I have doctor friends abroad who are so meticulous in their planning it boggles the mind. One particular friend, he went abroad and came back for 10 days a few years laters to inform his mother he was ready to get married and scope out prospects, another year later for 2 weeks to get married and then since then at every given gap has methodically produced a kid. His wife, I must mention is as committed a doctor as he is and she hasn’t skipped a beat either. It’s scarily impressive how little their life derailed despite life’s curveballs.
I have another friend who was waiting for the perfect time in her rise up the corporate ladder to have a baby- so that she wouldn’t be mistaken as unambitious and be secure enough in her position to be able to take maternity leave with authority and come back to the same level of awe and respect.

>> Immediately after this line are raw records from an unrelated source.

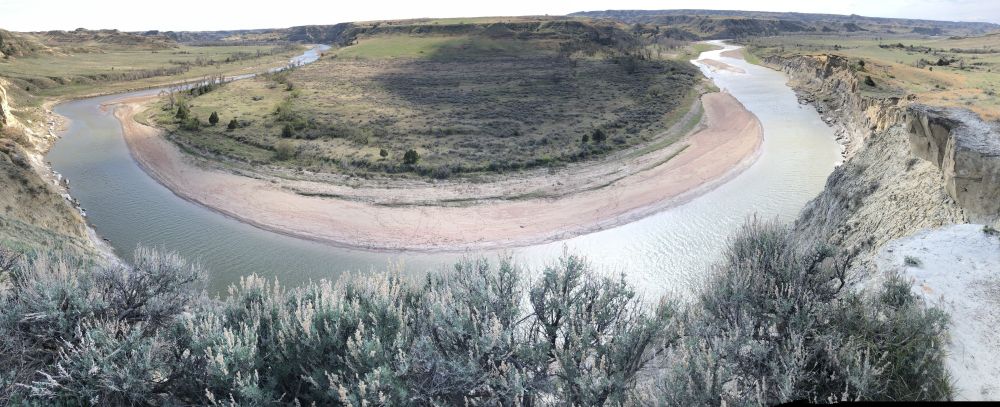 Panoramic photo of a wide oxbow in a river, as seen from high up on a cliff.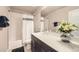 Bathroom featuring vanity, bathtub with shower, and a flower arrangement on the counter at 8833 Meade St, Westminster, CO 80031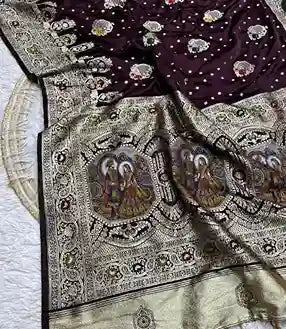 Banarasi silk saree with intricate weaving and a border featuring images of religious figures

Another friend was a teacher- and a damn good teacher she was. One of those people who would walk into a room and you had to listen to what she said. She wasn’t only thorough and updated but she was also inspirational and the moment she had her first baby, she decided to give it all up and stay at home with her and be the damn good mom.

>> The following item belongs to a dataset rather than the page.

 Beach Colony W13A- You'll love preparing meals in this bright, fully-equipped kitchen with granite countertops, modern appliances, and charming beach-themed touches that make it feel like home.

I remember when I first found out I was expecting Nadi, I was a little worried. Not because I hadn’t wanted a baby- but because I was in a really good place at the time. My stint of being Teaching Assistant had borne fruit just 2 years prior and I was finally conducting my own Typography Course, my freelance work was a smooth seamless flow of clients, all with people who I trusted with whom I had built up a good relationship. I was being called in for juries, I was writing articles, I was supplementing my teaching methods and I was smack in the middle of where I had always wanted to be. In hindsight, it was probably the worst time to pull the brakes on life as I knew it, but at that time, it felt like a challenge- like I wanted to try on a new role as well to see what universes that would uncover.

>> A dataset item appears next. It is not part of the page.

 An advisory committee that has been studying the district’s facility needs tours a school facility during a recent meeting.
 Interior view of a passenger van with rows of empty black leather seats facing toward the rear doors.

It is a popular and comforting thing to say that motherhood comes naturally as breathing once you have held your baby in your arms- that the instinct is there despite the hiccups that the actual mechanics bring about. The instinct to nurture, protect, love. I’m not so sure that is only it. I think what comes more naturally is our need to maintain the standards and norms and ideals we have set for ourselves inspite the new role. I think what makes motherhood natural is only when you refuse to let it be all consuming and you allow it be a part of the existence you had dreamt of or already have carved out for yourself. Nature wasn’t meant to be completely altered, but slowly evolved so that the new fit is also familiar, while being new.